Give a verbatim copy of the lines below, minus the pictures.

*Data block*
[Start of section]
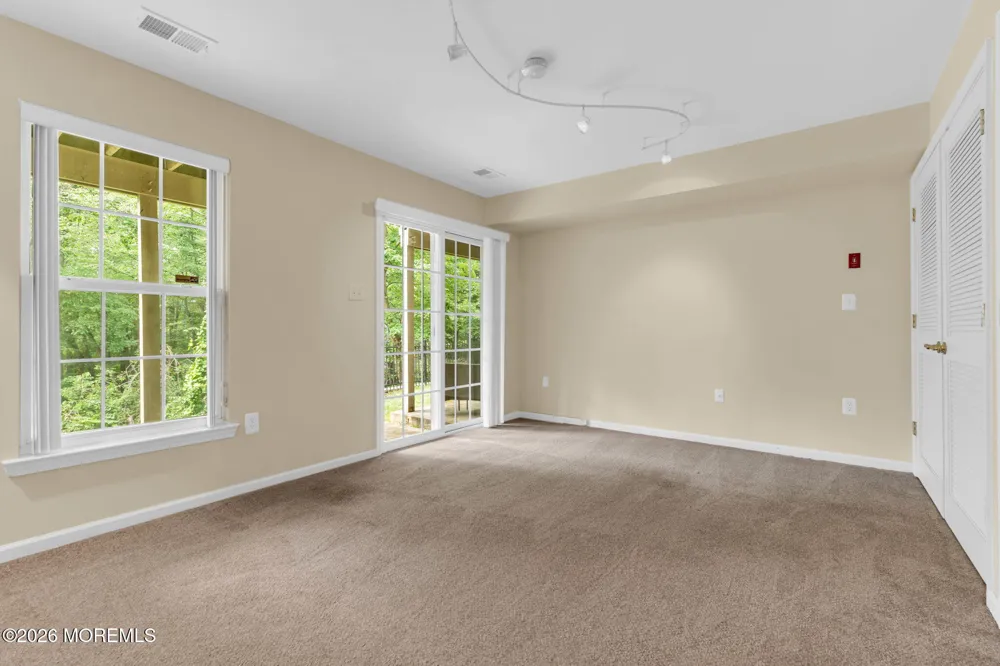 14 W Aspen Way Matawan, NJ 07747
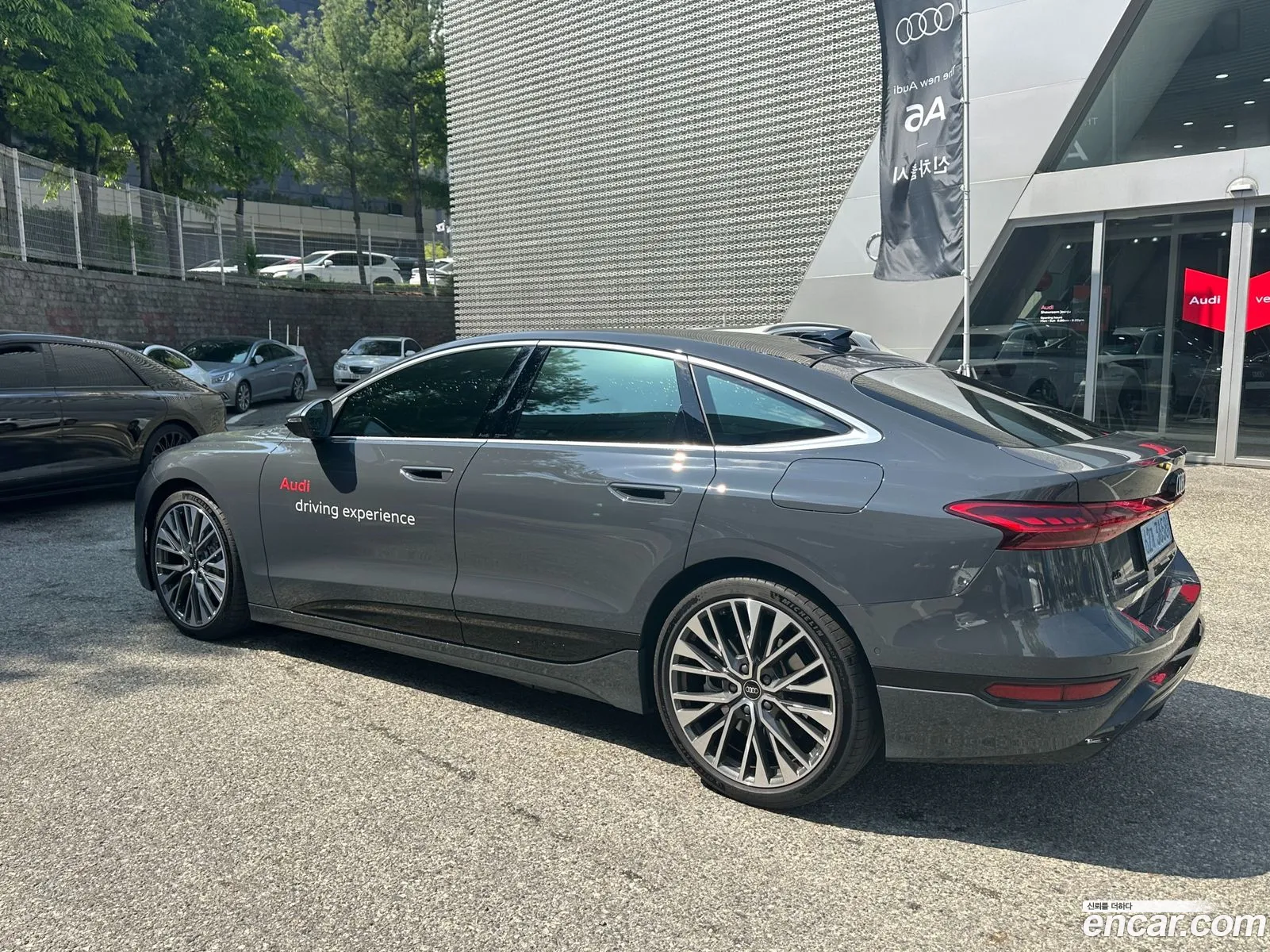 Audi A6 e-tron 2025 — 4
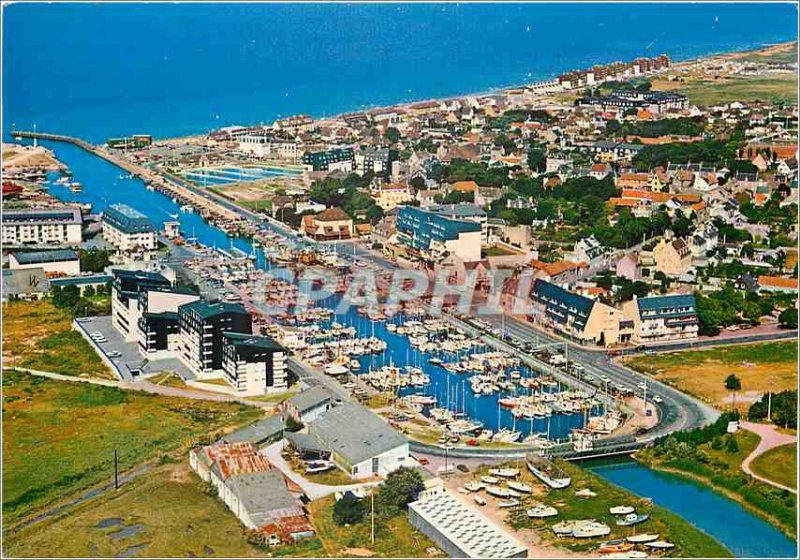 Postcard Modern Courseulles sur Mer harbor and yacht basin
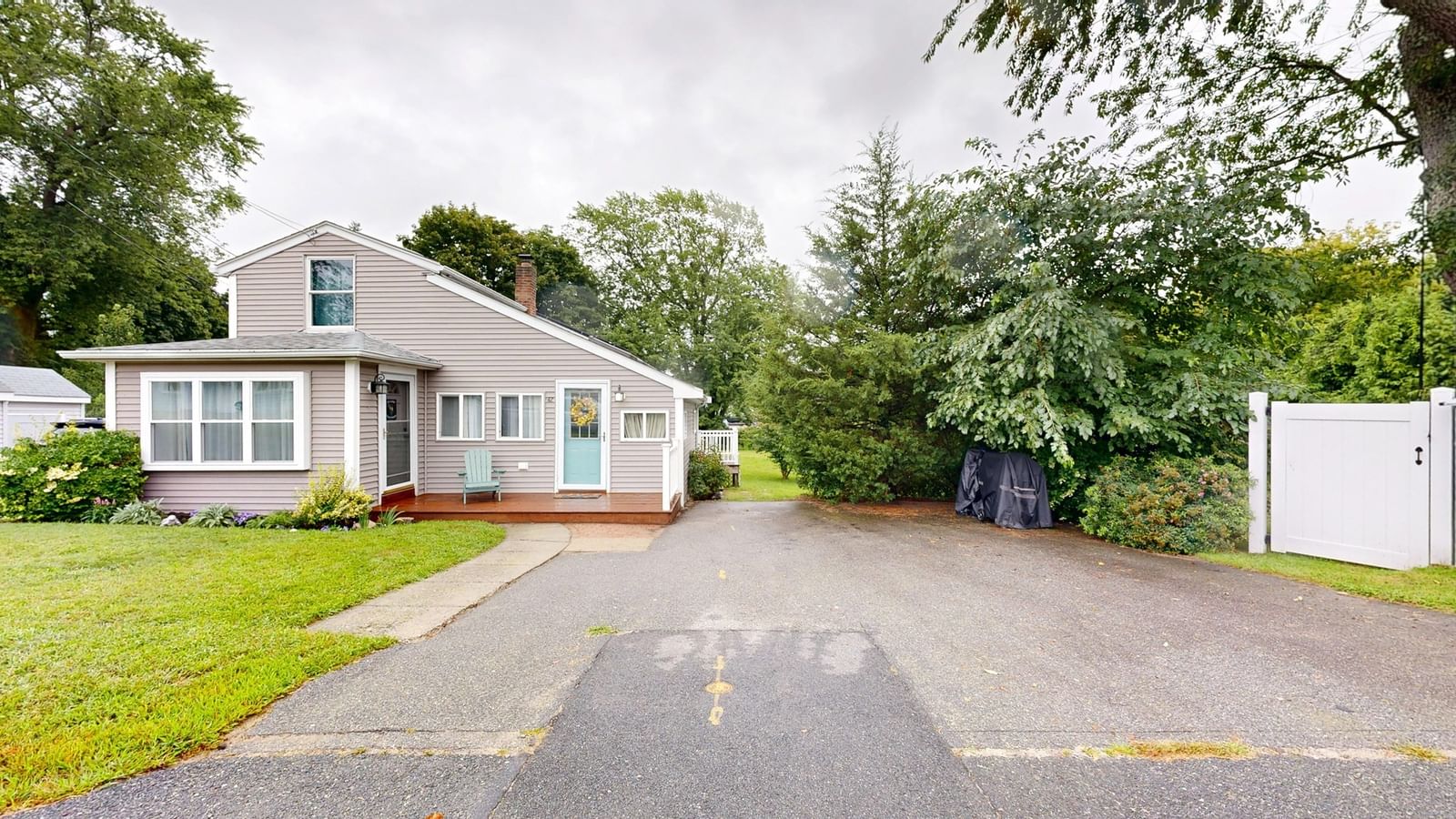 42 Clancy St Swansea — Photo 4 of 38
[End of section]
*Your response*
 14 W Aspen Way Matawan, NJ 07747
 Audi A6 e-tron 2025 — 4
 Postcard Modern Courseulles sur Mer harbor and yacht basin
 42 Clancy St Swansea — Photo 4 of 38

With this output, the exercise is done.